27/05/2025
Masters’ Journal: Schools around the world are quietly absorbing the fallout of a crisis. Teachers are seeing more students who shut down after a single redirection, unravel during peer conflict, or expect every discomfort to be removed by an adult. The classroom, once a space for socialisation and learning, has now become, for many, primarily an emotional regulation zone. We often say, “They’re just … they’re still young.” But what happens when children are never expected or supported to regulate themselves from early childhood through to primary school?
This shift reflects broader changes in parenting culture. Diana Baumrind’s foundational work (1966, 1991) reminds us that authoritative parenting (high warmth and high expectations) is linked to the most positive developmental outcomes(Mattanah, 2005; Chou et al., 2019; and Hayek et al., 2022).
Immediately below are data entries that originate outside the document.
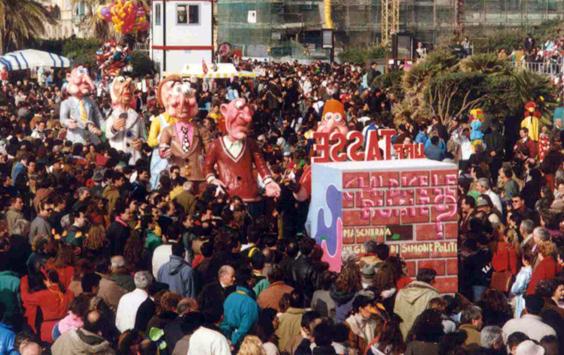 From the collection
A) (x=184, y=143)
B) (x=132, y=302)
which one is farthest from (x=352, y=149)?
(x=132, y=302)

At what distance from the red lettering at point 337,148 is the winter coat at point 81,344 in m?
5.79

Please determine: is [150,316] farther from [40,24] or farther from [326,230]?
[40,24]

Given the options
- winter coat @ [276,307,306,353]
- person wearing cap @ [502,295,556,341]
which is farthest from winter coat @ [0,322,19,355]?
person wearing cap @ [502,295,556,341]

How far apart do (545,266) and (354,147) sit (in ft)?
12.0

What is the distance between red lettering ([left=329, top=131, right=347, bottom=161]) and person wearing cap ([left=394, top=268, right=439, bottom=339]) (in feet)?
13.4

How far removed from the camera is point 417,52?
4338cm

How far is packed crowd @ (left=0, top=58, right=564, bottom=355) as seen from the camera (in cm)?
1071

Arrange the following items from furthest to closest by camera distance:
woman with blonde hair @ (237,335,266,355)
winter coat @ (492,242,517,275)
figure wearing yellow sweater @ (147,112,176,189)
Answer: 1. figure wearing yellow sweater @ (147,112,176,189)
2. winter coat @ (492,242,517,275)
3. woman with blonde hair @ (237,335,266,355)

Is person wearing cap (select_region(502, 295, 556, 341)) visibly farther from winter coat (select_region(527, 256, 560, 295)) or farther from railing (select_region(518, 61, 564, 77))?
railing (select_region(518, 61, 564, 77))

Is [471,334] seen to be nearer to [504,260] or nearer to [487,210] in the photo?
[504,260]

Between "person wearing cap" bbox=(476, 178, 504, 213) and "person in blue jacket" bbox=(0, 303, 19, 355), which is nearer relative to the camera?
"person in blue jacket" bbox=(0, 303, 19, 355)

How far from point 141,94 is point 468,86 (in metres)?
10.8

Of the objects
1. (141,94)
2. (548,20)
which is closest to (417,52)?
(141,94)

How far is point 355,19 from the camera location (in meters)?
69.4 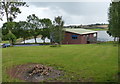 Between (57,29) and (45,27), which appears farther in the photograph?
(45,27)

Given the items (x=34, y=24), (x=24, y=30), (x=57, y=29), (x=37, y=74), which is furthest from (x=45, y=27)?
(x=37, y=74)

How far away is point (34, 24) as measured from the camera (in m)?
35.4

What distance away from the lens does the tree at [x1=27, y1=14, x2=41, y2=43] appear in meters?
35.1

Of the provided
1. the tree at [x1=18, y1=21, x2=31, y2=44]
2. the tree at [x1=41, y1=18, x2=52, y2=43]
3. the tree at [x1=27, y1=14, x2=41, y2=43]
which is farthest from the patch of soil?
the tree at [x1=18, y1=21, x2=31, y2=44]

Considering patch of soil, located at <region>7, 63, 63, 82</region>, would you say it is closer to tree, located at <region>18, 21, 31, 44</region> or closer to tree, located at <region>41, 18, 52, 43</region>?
tree, located at <region>41, 18, 52, 43</region>

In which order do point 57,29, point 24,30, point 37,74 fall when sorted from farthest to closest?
1. point 24,30
2. point 57,29
3. point 37,74

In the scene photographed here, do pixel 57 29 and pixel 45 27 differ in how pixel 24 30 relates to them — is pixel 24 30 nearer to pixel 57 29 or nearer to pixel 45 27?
pixel 45 27

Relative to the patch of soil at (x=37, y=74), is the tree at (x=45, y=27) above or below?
above

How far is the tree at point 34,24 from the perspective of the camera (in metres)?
35.1

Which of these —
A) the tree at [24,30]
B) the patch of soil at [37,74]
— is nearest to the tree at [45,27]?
the tree at [24,30]

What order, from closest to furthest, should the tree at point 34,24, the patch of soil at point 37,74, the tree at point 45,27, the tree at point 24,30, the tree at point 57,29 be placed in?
1. the patch of soil at point 37,74
2. the tree at point 57,29
3. the tree at point 24,30
4. the tree at point 45,27
5. the tree at point 34,24

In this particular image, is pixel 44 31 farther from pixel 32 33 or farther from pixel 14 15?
pixel 14 15

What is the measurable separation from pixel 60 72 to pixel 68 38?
2559 centimetres

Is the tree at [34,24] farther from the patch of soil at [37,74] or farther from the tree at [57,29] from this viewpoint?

Yet in recent years, permissive parenting (high warmth, low expectations) has quietly risen, often under the well intentioned banner of gentle parenting (Maccoby & Martin, 1983). Parenting with empathy but without boundaries leaves children with few tools to manage stress, tolerate boredom, or accept limits (Aunola et al., 2000). These gaps show up in classrooms, where students increasingly struggle with frustration, accountability, and delayed gratification. Many schools rely on behaviour charts, grounded in Skinner’s behaviourist theory (1953), which assumes reinforcement is consistent across environments. But when home and school operate on different behavioural currencies, the message isn’t just blurred, it’s erased! As Bronfenbrenner (1979) reminds us, development unfolds across overlapping systems. When those systems misalign, children don’t build resilience , they build confusion.
The COVID 19 pandemic only widened this disconnect. The World Health Organization (2022) reported increased emotional fragility in children, attributing it to parental burnout and a collapse in daily structure. Prime, Wade, and Browne (2020) further affirmed that “children’s wellbeing is closely tied to the psychological functioning and parenting quality of caregivers.”
Parents are exhausted and they need support. While schools can walk alongside families, they cannot assume the sacred role of parenting. And yet, educators continue to do the heavy lifting: modelling co regulation, embedding restorative practices, and holding space for big emotions every single day. Schools can only reinforce values; they cannot instill what must begin at home.
What we need now isn’t just a better behaviour tracker , we need alignment: where parenting, , policy, and culture work together to give children what they truly need — limits with love, empathy with expectations, and freedom with structure. As Darling and Steinberg (1993) wrote, parenting isn’t just private, it’s a societal responsibility. And when home and school speak different languages, children grow fluent in confusion, not resilience.